A menacing tone steeped in nostalgia for classics like Halloween is established from the first scene. Director David Robert Mitchell could be accused of borrowing too heavily from early John Carpenter works, but It Follows has enough original ideas to keep it from feeling derivative. There’s a lot of retro goodness here though, including a synth score from musician Disasterpiece, who is best known for his work on indie game FEZ. One of my favorite tricks that David Robert Mitchell borrowed was the use of still wide-angle shots. It was so refreshing to see that in the current horror landscape drenched in “shaky cam” found-footage movies. The location use of a crumbling Detroit landscape south of the 8 Mile only further reinforced the overall sense of uneasiness.
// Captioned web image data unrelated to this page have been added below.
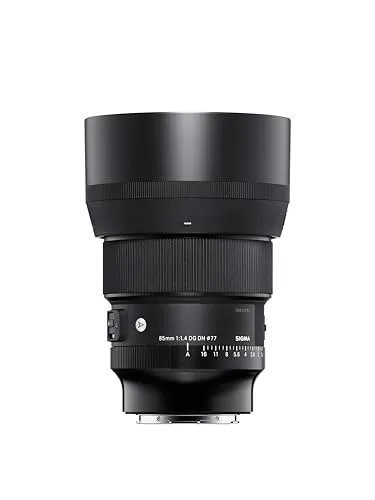 Sigma Art 85mm F1.4 DG DN obiettivo mirrorless Sony E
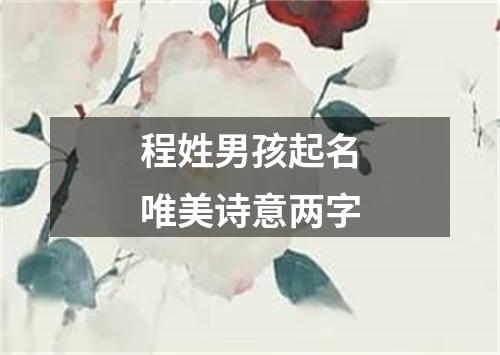 程姓男孩起名唯美诗意两字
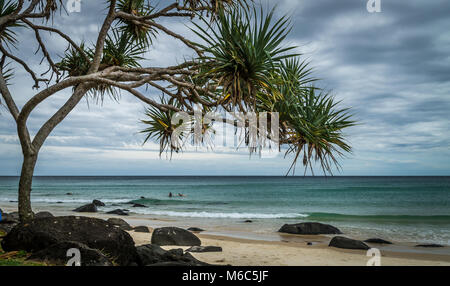 Noosa Beach-Queensland-Australien Stockfoto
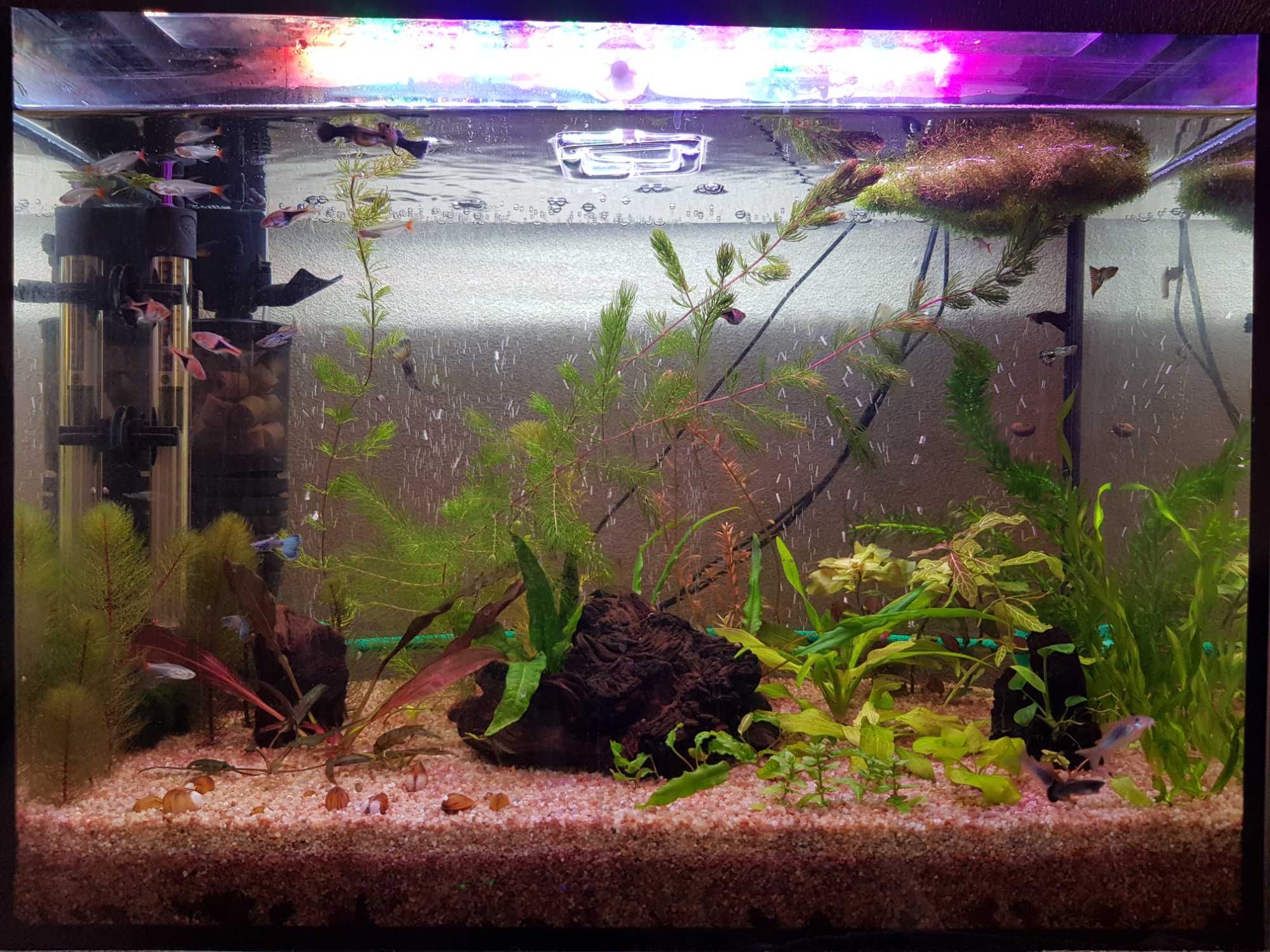 Действующий аквариум с рыбками и растениями - 80 л.
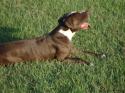 Luke's All Natural Pet Food Dog and Cat Photo Gallery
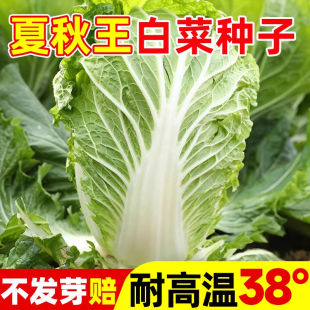 夏阳大白菜种子夏天种的菜50天早熟抗热耐高温夏季蔬菜种籽孑盆栽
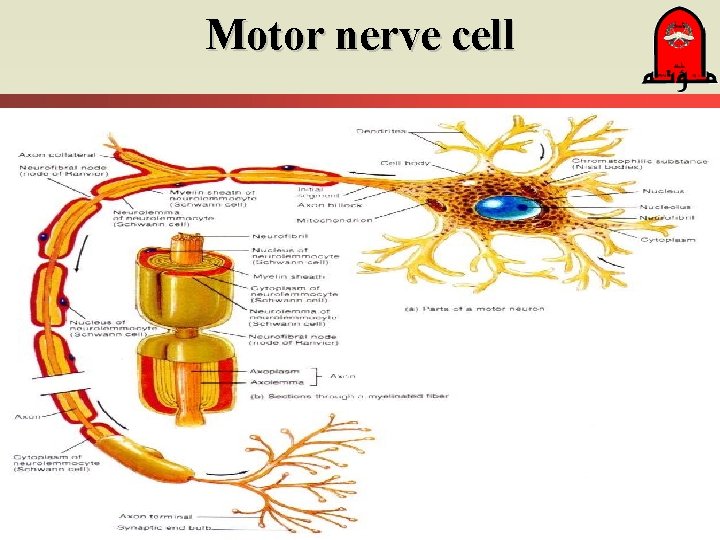 Motor nerve cell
As Jay is continually stalked by the entity in its many forms, her friends seek to help. This brings up one of my only major issues with the flick. The dialogue is just far too flat and deadpan at points. I get what the director was going for. A lot of 1970’s and early 1980’s horror movies were great at understated dialogue and building tension via space where the monster WASN’T around. It Follows over does it though. There are scenes where the cast’s delivery feels like they are all on Quaaludes and it tends to drag within the 100 minute running time. Some more pointed dialogue could have been used at points since it seems like sometimes the group is completely disconnected from their current situation even after they’ve all accepted and experienced that the creature is real.
Another gripe I had was the relative malaise that seems to overwhelm the characters in the final act. Without getting into spoiler territory, It Follows does not have a happy ending. I suppose you could read into the plot as one giant metaphor for the feelings of sexual guilt and disillusionment teens and young adults feel, but let’s not get too pretentious about this, it’s a movie about killer ghost stalking people. The ending didn’t bother me, in fact, I liked it. What bothered me was the film's climax never really hit home as hard as I felt it should have after all the build up. Also, certain characters make absurd choices that not even a hormone-addled teenager likely would in real life.
Back to my earlier statement, there’s a lot to like about It Follows. Minor flaws aside, it is one of the best horror movies I’ve watched this year. It’s highly effective in what it sets out to do and manages to evoke plenty of terror without relying on gore or cheap jump scares. However, go in with tempered expectations because a lot of the hyperbolic praise it has received (I’m looking at you “Horror film of the decade” tagline) could set viewers up for disappointment, and that would be a shame.